Maak mij als één van uw huurlingen. (Lukas 15: 19b)
Hebt u wel eens opgemerkt, dat de verloren zoon zich wel had voorgenomen om aan zijn vader te vragen of hij een huurling mocht worden, maar dat hij dit toch niet heeft gevraagd toen hij in de armen zijns vaders terecht kwam? Het was wel zijn plan om dat te vragen, want hij moest het erkennen: „Ik ben niet meer waardig uw zoon genaamd te worden”. Dus zou hij dan maar vragen of hij niet een dagloner kon worden. Als hij dat eens mocht zijn. Een huurling slechts. Op meer heeft hij geen recht.
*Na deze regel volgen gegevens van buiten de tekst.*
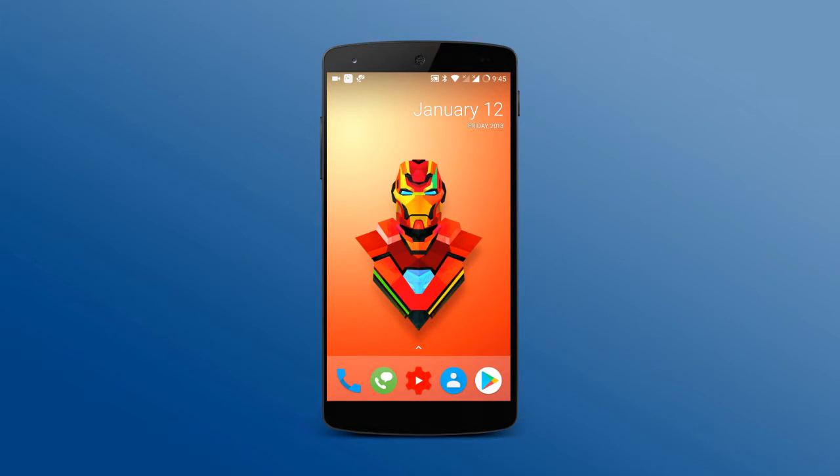Hey, what's up guys! In this video I'm gonna be showing you the best superhero wallpaper app, so let's get started.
Hij heeft immers zijn kindschap verzondigd? Alle rechten vallen aan de kant van zijn vader. Het zou daarom nog een gunst zijn als zijn vader dat kind nog als slaaf wilde gebruiken. Staat het zo ook niet met ieder mens, die aan zichzelf ontdekt is? Als ge aan de grootheid van uw schuld ontdekt zijt, dan wordt ge zo klein. Zo onwaardig. Zo rechteloos. Zo afhankelijk. Als ge dan nog eens een huurling mocht zijn. Een dorpelwachter in Gods woning. Al was het dan maar één kruimeltje van dat brood, één straaltje van dat licht, één droppel van dat water. Op meer geen recht. Ja, zelfs dat zou een onuitsprekelijke genade zijn. Maar toch ook met minder niet te kunnen doen, want voor een verloren zoon is het buiten het Vaderhuis geen leven meer. Zo komen de verloren zonen en dochteren terug. Voor de eerste maal en telkens nadat ze zijn afgedwaald. Bevende voor Gods recht. Smekende om een gunst. Ze durven niet meer om hetzelfde te vragen als wat ze verbrast hebben. Als het nog eens iets daarvan zijn mocht. Wat zou dat een vreugde zijn. Want al wat ze meer ontvangen dan de dood, dat is genade. Daarom proberen ze het minste uit te denken om dat te vragen. Het allerminste uit een verloren paradijs.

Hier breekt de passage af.